Short text fragments from websites
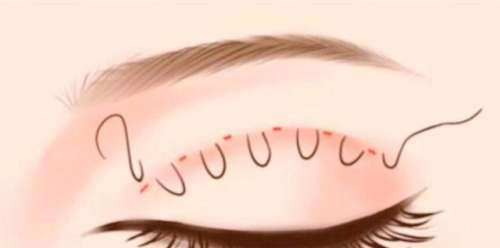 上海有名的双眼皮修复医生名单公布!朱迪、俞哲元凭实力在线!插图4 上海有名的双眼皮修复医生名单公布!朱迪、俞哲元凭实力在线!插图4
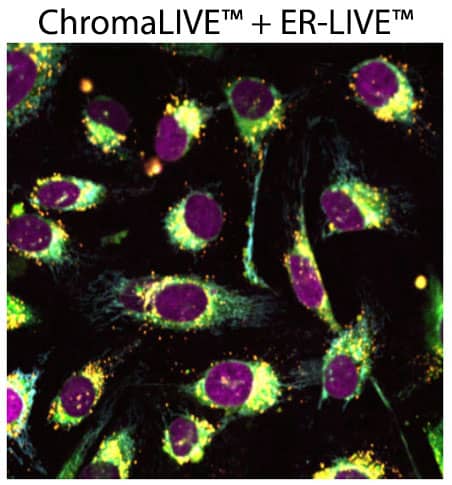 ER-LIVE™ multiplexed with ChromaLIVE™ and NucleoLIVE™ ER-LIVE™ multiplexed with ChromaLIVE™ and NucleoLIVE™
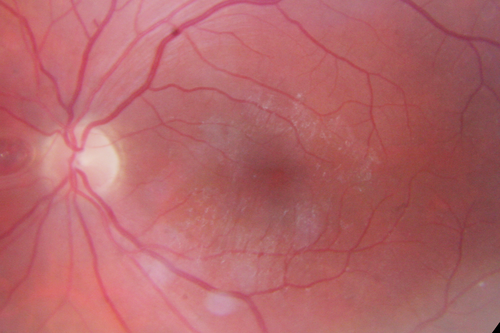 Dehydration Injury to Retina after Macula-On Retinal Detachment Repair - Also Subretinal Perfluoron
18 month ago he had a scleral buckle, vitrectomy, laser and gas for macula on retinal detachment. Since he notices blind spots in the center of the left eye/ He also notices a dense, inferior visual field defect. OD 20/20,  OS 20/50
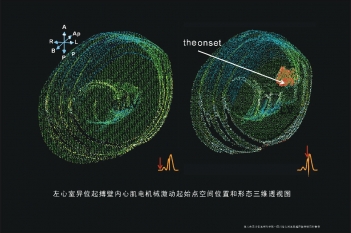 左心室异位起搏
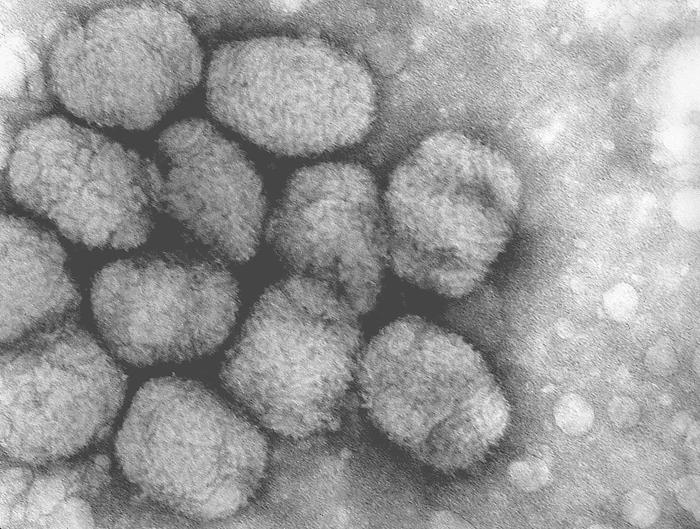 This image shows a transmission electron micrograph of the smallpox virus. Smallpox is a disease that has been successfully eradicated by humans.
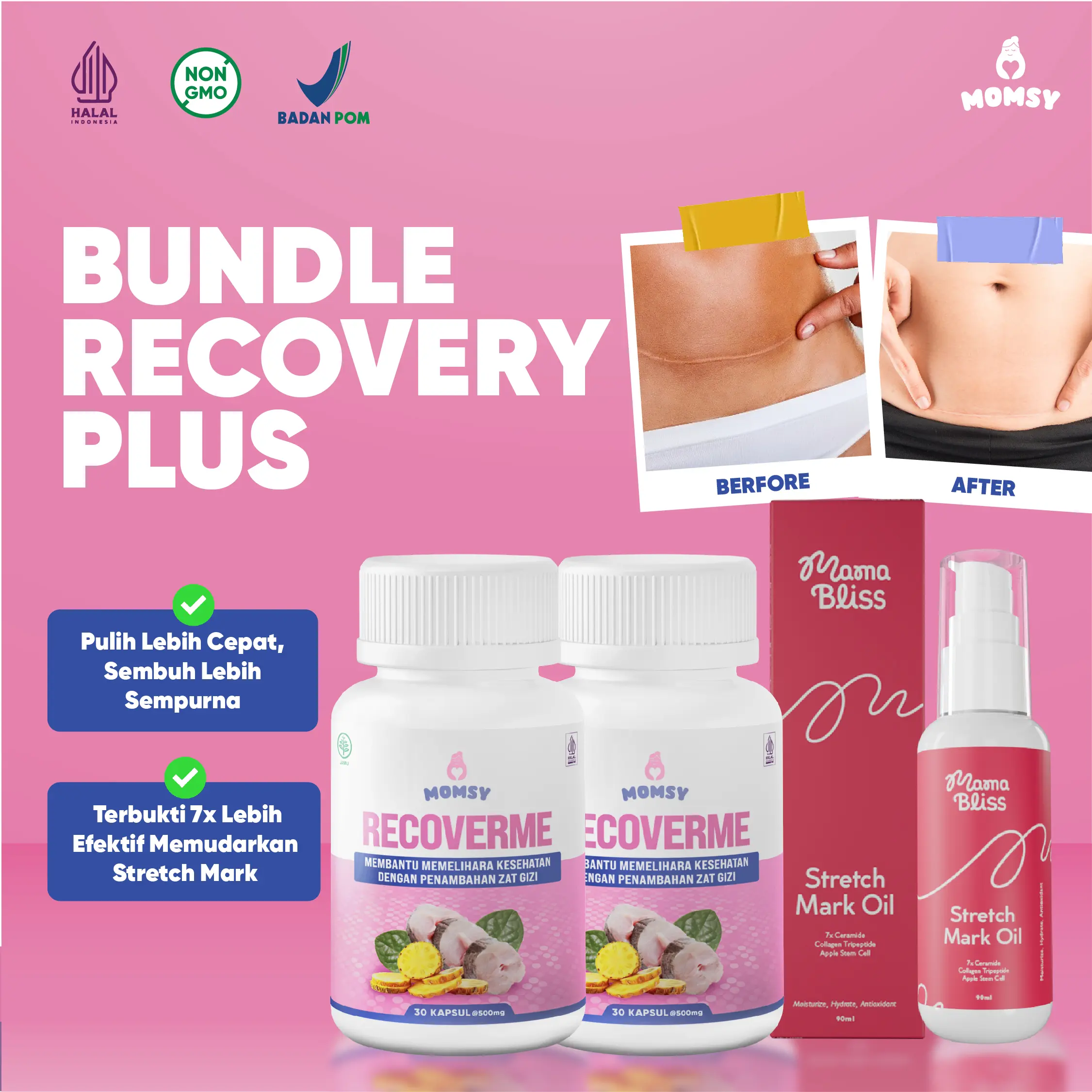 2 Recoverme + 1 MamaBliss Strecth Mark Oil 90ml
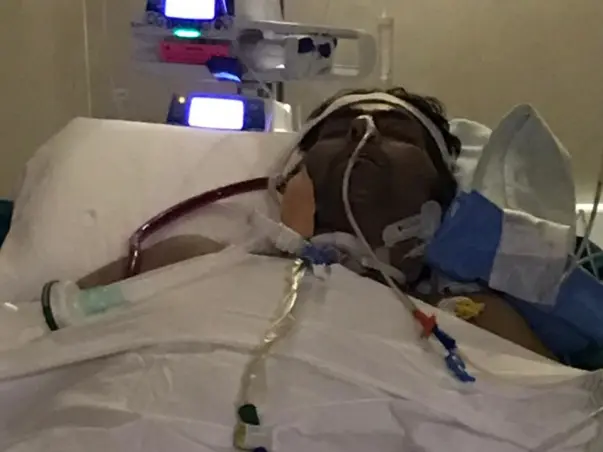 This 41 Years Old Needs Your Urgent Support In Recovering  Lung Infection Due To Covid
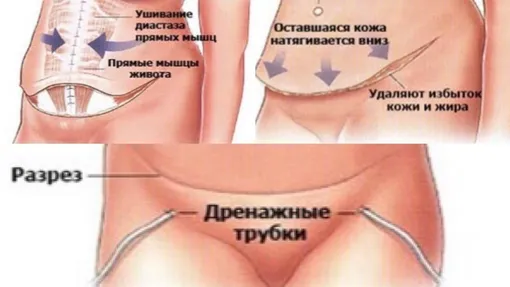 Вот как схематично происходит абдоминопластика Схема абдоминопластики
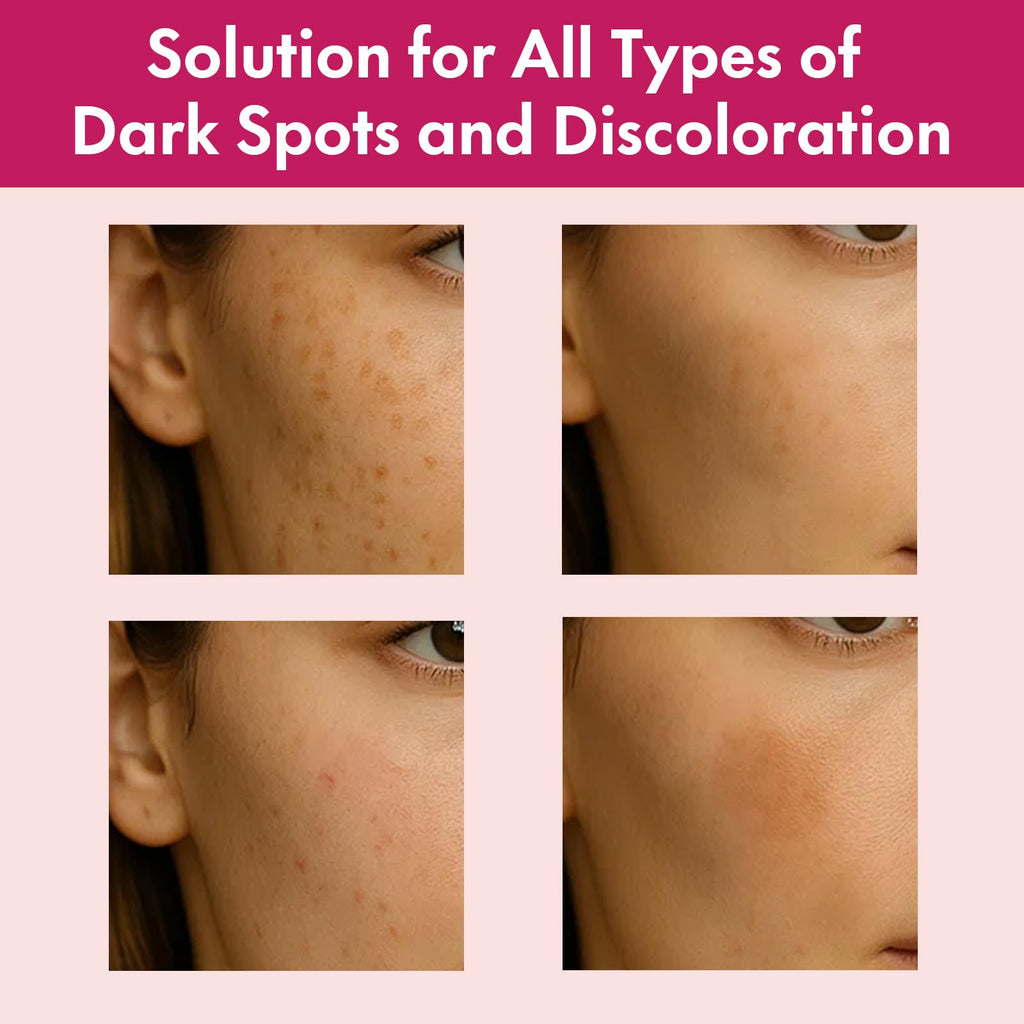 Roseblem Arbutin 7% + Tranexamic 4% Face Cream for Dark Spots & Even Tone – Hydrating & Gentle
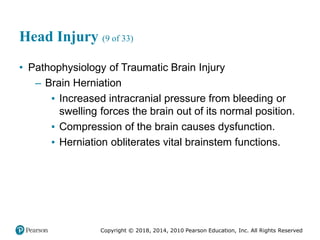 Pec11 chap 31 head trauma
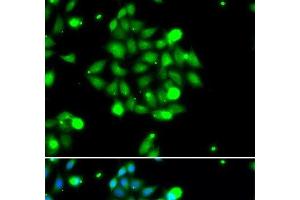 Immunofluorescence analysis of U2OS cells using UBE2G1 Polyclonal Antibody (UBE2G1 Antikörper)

*Required work*
In the records above, find the line that contains "Dehydration Injury to" and repeat exactly that line and all lines after it to the end. Do not include pictures.

*Task result*
 Dehydration Injury to Retina after Macula-On Retinal Detachment Repair - Also Subretinal Perfluoron
18 month ago he had a scleral buckle, vitrectomy, laser and gas for macula on retinal detachment. Since he notices blind spots in the center of the left eye/ He also notices a dense, inferior visual field defect. OD 20/20,  OS 20/50
 左心室异位起搏
 This image shows a transmission electron micrograph of the smallpox virus. Smallpox is a disease that has been successfully eradicated by humans.
 2 Recoverme + 1 MamaBliss Strecth Mark Oil 90ml
 This 41 Years Old Needs Your Urgent Support In Recovering  Lung Infection Due To Covid
 Вот как схематично происходит абдоминопластика Схема абдоминопластики
 Roseblem Arbutin 7% + Tranexamic 4% Face Cream for Dark Spots & Even Tone – Hydrating & Gentle
 Pec11 chap 31 head trauma
 Immunofluorescence analysis of U2OS cells using UBE2G1 Polyclonal Antibody (UBE2G1 Antikörper)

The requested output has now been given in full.